Se retrousser les manches
Quel est donc le vrai combat touchant la communauté noire, toute origine confondue ? Répondre aux questions suivantes pourrait offrir une piste de solution.
Quel est son poids électoral au Canada ? Et qu’en est-il de son pouvoir économique au pays – et non pas juste sur la scène québécoise – lorsque l’on compare ces données à celles des Sud-Asiatiques et des Sikh (avec qui le premier ministre a dansé allègrement), ou même à celles des Canadiens originaires de l’Asie de l’est, qui comptent d’ailleurs deux représentants au sein du caucus qui n’ont pas été nommés ministres?
L’amour porté envers un député tel qu’Emmanuel Dubourg, est-ce assez ?Pour récolter collectivement, il faut investir collectivement. Des centaines de bénévoles qui butinent sans relâche sont nécessaires pour effectuer un travail rigoureux sur le terrain en vue d’atteindre des objectifs de financement ambitieux lors d’une campagne électorale.

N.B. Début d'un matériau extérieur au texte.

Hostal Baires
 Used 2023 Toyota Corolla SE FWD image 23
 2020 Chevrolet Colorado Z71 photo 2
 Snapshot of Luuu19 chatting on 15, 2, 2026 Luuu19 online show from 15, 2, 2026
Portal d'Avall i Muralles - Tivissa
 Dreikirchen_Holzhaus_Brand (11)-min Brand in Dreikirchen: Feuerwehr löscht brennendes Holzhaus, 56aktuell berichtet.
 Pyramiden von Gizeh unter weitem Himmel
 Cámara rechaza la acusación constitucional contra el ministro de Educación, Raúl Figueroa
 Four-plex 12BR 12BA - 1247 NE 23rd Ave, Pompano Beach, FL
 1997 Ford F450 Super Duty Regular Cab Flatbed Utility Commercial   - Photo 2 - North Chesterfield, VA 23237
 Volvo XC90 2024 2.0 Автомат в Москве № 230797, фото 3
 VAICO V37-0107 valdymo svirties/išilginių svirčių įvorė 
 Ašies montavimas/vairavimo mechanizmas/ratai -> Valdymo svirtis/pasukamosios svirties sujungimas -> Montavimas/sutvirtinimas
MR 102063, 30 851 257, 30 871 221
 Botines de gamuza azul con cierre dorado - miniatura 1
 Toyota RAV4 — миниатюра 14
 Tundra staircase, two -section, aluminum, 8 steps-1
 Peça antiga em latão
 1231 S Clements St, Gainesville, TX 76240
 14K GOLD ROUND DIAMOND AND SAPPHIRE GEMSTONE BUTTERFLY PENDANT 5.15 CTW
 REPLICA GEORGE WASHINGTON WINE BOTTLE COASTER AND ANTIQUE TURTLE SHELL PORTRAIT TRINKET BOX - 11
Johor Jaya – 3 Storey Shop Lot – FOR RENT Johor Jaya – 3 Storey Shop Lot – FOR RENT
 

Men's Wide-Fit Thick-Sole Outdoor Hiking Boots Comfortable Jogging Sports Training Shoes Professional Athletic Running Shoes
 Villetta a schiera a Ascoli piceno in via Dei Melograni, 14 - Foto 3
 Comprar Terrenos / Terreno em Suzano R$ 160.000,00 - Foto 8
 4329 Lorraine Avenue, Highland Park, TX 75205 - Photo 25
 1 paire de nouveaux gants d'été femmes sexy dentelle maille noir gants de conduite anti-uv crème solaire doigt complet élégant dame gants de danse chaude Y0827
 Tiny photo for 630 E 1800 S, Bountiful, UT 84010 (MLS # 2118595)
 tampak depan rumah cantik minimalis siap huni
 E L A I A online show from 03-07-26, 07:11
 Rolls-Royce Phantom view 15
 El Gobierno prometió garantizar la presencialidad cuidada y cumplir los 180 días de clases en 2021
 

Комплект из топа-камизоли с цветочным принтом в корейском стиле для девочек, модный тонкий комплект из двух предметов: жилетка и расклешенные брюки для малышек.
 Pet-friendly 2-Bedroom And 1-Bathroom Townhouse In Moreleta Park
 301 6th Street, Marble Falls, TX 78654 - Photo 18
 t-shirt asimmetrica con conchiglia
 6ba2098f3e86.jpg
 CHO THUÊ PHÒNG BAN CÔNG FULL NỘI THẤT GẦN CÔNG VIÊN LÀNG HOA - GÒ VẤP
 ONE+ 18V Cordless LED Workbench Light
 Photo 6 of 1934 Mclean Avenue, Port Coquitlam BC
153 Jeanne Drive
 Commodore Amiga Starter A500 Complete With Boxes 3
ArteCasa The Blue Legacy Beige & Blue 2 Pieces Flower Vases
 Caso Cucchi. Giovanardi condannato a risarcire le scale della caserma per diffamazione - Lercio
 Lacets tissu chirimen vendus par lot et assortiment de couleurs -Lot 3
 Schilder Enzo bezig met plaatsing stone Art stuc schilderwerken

Si la communauté noire désire accéder un jour à des postes ministériels, il importe qu’elle fasse les choses autrement. S’impliquer activement requiert l’humilité de fermer la porte aux FAUSSES opportunités en refusant de devenir des candidats poteaux dans des circonscriptions perdues d’avance. Les clés du succès consistent plutôt à se rallier aux candidats actifs en mettant en place des stratégies propulsées par une vision globale et à long terme, à promouvoir l’éducation citoyenne auprès de la relève et, surtout, à donner une RÉELLE valeur à son vote.